Cid Highwind was the director for the movie, though this wasn't the first time I had him as the guiding man. For two of my past films, he had been my director, and for both of those films, he had his usual cigarette. All people have at least one idiosyncrasy that makes them different than others, and for Cid, it would be his cigarette. At times, when he didn't have one on him, he would use a piece of straw instead. Why he did that, I have no clue, but that's what made him Cid.
"Ah, so she is here," Cid said as he looked at me. "Ya know, Cloud, I always wonder how you and Aerith gave birth to a redhead. You both don't even have any red hair in ya!"
"Mutated baby, I guess."
"Dad!" I whined.
"What? I don't get how you have red hair, either. Anyways, you have to get ready."
"Get ready? I've been ready. I know all of my lines already, dad."
"You messed up last time, though," Selphie said with a smirk.
"Oh, that's right, you did mess up last time!" he said.
"I told you that Roxas skipped a whole line!" I argued like I did with Uncle Barret.
"Great actors always improvise."
"Yeah, but it's not like I actually expected to use improvisation in a scripted film!"
"Alright, Kairi, let's get this show on the road," Cid said, playfully shoving me in the back and leading me over to the set. As I made my way over to settle in with the other cast members, Cid walked up to the center of the set, grabbed the trusty megaphone, and bellowed, "Let's get going, kiddies! We've got lots of things to film!"

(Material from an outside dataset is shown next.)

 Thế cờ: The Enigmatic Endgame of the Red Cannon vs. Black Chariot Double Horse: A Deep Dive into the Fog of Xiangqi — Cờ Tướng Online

And that, my friends, was a typical day in the life of the famous child star, Kairi Strife.
-Hmm, not too bad for a start. Hope everything was okay for you guys. I'm writing a majority of the story in first-person narrative (with future Kairi doing the narrating) with some third-person narrative so that you can see what else is happening in the story other than from Kairi's perspective. The story was orginally written in the present tense form, but since I found it difficult to keep that going, I decided to switch back to past tense. Everytime I typed something out, I had to reread it about two or three times to make sure it sounded gramatically correct.
-I'll try my best to improve my updates. I haven't been doing well with that lately, considering the fact that I actually haven't written anything in what seems like three months. Eek. I believe that's called writer's block?
Okay, I had enough babbling. Have a wonderful day and enjoy the snow if you got any in your area!